77. Thallus-Stem, spermatid, basal body dimorphism: (0) yes; (1) no. Basal bodies are

structurally different between most of the Marchantiidae and remaining

liverworts.

78. Thallus-Stem, spermatid, spline width: (0) 30 or less; (1) more than 50. Spline

width varies among liverworts. Generally, Haplomitriopsida shows a wider spline

79. Thallus-Stem, spermatid, spline coiling: (0) almost non-coiled (one gyre); (1)

scarcely coiled (mora than 1 and less than 2 gyres); (2) pronouncedly coiled (3

gyres or more). Spline is proximally coiled; following the spermatid body outline.

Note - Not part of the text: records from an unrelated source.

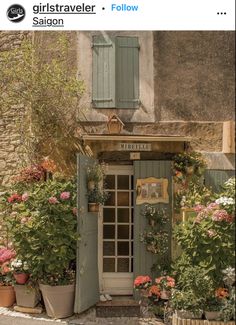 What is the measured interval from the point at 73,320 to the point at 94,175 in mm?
2194

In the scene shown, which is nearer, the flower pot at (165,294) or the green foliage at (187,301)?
the green foliage at (187,301)

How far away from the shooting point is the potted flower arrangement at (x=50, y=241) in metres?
6.50

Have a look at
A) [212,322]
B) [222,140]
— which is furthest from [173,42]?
[212,322]

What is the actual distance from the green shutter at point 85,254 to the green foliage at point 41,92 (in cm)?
95

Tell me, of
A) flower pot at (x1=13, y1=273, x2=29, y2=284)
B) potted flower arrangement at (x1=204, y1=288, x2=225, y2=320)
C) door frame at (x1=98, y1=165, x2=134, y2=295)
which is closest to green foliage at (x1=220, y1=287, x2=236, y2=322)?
potted flower arrangement at (x1=204, y1=288, x2=225, y2=320)

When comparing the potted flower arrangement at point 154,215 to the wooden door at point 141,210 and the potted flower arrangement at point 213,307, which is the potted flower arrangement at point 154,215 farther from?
the potted flower arrangement at point 213,307

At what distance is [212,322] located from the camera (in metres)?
5.64

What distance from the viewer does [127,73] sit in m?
7.52

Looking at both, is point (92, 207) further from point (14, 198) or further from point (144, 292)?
point (144, 292)

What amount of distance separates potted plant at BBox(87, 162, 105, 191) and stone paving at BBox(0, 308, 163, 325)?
6.41 feet

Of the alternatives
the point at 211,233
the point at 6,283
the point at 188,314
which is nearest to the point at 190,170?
the point at 211,233

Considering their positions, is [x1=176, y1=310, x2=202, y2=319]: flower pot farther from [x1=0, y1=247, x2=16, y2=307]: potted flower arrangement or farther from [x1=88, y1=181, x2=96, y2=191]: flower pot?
[x1=0, y1=247, x2=16, y2=307]: potted flower arrangement

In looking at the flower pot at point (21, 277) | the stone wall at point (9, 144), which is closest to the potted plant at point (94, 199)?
the flower pot at point (21, 277) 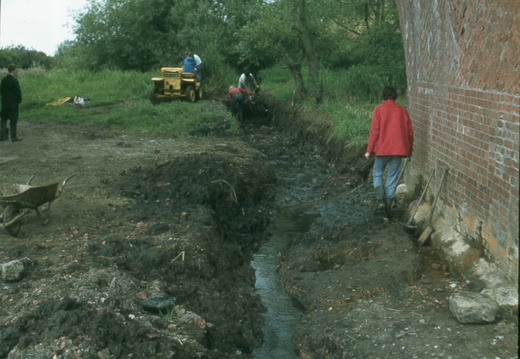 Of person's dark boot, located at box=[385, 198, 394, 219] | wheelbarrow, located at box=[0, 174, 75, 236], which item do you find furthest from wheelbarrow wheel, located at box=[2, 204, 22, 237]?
person's dark boot, located at box=[385, 198, 394, 219]

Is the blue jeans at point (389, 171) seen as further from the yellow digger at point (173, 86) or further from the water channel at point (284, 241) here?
the yellow digger at point (173, 86)

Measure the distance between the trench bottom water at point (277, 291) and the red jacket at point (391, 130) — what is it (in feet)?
→ 7.08

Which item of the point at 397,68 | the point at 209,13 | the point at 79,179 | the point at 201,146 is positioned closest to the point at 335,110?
the point at 397,68

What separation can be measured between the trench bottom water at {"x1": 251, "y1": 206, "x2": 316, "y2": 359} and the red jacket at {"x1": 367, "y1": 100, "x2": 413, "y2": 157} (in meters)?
2.16

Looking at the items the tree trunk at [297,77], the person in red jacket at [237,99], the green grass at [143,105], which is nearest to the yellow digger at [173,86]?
the green grass at [143,105]

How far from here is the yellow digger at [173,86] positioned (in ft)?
75.8

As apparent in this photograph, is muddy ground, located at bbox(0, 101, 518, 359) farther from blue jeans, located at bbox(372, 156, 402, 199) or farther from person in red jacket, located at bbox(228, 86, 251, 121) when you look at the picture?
person in red jacket, located at bbox(228, 86, 251, 121)

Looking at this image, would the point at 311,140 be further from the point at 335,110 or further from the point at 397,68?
the point at 397,68

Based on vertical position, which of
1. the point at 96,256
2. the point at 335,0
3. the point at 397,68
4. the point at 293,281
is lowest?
the point at 293,281

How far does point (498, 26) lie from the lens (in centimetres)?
602

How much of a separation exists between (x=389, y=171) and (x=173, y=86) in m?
14.9

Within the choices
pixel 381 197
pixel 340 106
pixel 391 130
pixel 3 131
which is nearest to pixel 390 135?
pixel 391 130

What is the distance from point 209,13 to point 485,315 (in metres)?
30.0

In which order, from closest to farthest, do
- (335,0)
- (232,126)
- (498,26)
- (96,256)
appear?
(498,26) < (96,256) < (232,126) < (335,0) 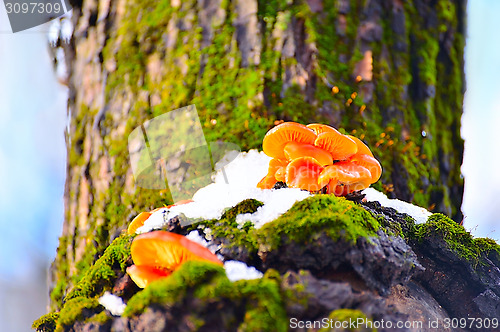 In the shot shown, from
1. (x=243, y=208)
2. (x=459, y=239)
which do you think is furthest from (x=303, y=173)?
(x=459, y=239)

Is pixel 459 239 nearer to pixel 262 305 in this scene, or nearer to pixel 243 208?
pixel 243 208

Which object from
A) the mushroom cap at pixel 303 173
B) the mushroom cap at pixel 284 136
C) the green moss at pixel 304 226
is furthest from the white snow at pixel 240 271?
the mushroom cap at pixel 284 136

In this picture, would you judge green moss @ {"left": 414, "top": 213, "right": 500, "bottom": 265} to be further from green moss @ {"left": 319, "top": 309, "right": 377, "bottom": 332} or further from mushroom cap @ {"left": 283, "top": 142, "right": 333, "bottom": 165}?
green moss @ {"left": 319, "top": 309, "right": 377, "bottom": 332}

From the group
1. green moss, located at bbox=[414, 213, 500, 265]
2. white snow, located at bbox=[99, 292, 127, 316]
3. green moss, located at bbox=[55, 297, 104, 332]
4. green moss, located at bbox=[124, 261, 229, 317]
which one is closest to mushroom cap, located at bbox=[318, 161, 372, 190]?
green moss, located at bbox=[414, 213, 500, 265]

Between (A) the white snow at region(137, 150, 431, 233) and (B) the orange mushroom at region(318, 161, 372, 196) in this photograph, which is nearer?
(A) the white snow at region(137, 150, 431, 233)

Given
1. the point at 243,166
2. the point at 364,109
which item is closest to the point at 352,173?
the point at 243,166

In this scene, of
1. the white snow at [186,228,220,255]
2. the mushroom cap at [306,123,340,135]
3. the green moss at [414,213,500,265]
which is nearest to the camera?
the white snow at [186,228,220,255]

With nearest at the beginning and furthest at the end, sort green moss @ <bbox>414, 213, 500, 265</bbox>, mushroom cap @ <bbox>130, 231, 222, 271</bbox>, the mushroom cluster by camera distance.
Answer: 1. mushroom cap @ <bbox>130, 231, 222, 271</bbox>
2. green moss @ <bbox>414, 213, 500, 265</bbox>
3. the mushroom cluster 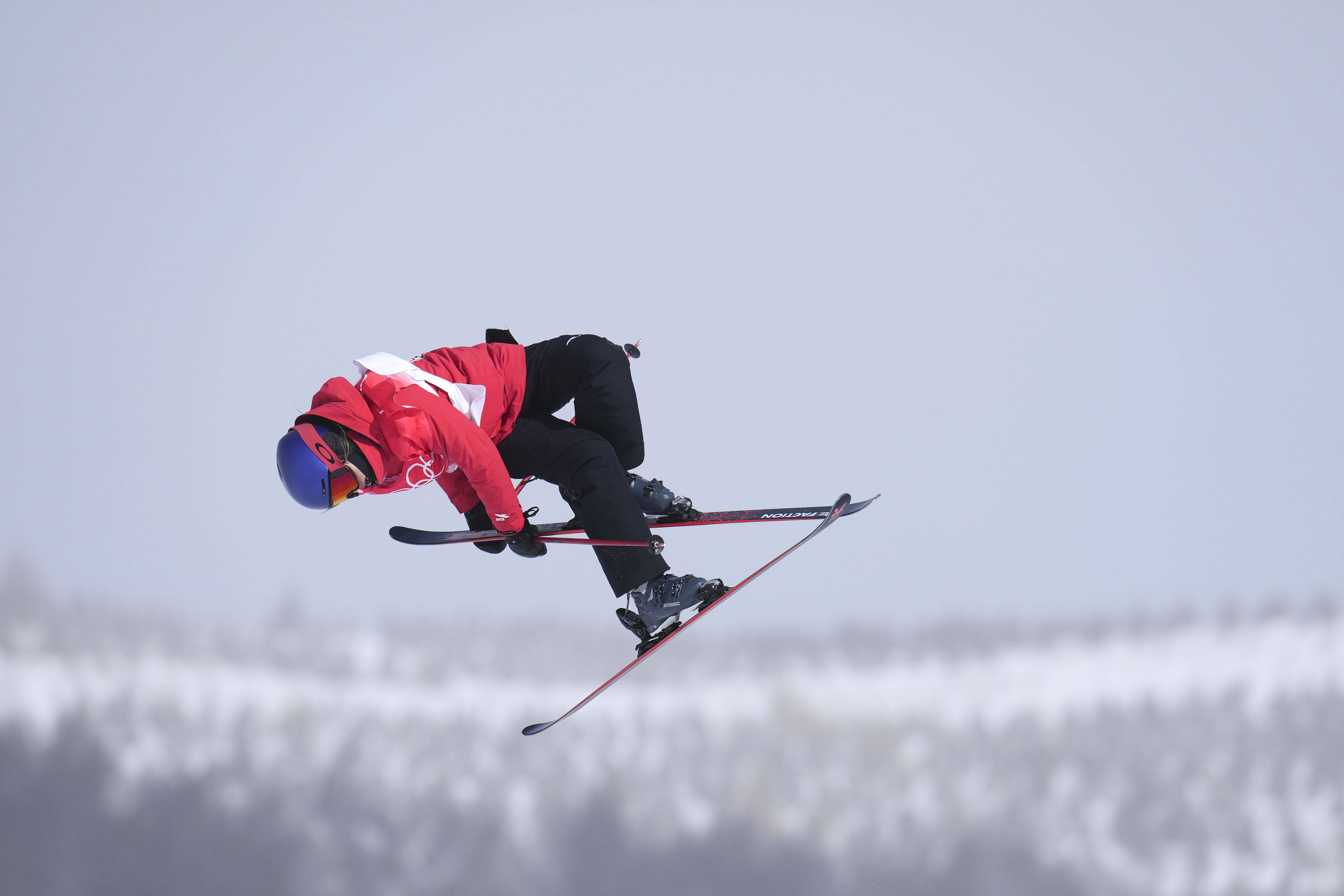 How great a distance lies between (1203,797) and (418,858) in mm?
18867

80. Thallus-Stem, spermatid, BB overlapping degree: (0) highly overlapped, almost

totally superimposed; (1) considerably overlapped, nearly the half; (2) almost no

overlapped, less than the half. Basal bodies overlapping refers to a positional

staggering along the longest axis. Overlapping is seen in surface view.

81. Thallus-Stem, spermatid, spline associated with LS: (0) yes; (1) no. Spline may be

decoupled from the Layered Strip (LS) or not.

82. Thallus-Stem, spermatid, notch presence: (0) no; (1) yes. A notch is typically

associated with the spline aperture in marchantioid taxa.

83. Thallus-Stem, spermatid, AM extension at mature: (0) extended; (1) not

extended. The mitochondrion tends to extend its anterior region during

spermatid maturity.

84. Thallus-Stem, spermatid, spline geometry: (0) wider at the anterior region; (1)

wider at the posterior region. Tubules can be added to right region of the spline

anteriorly. This is typical of Haplomitrium.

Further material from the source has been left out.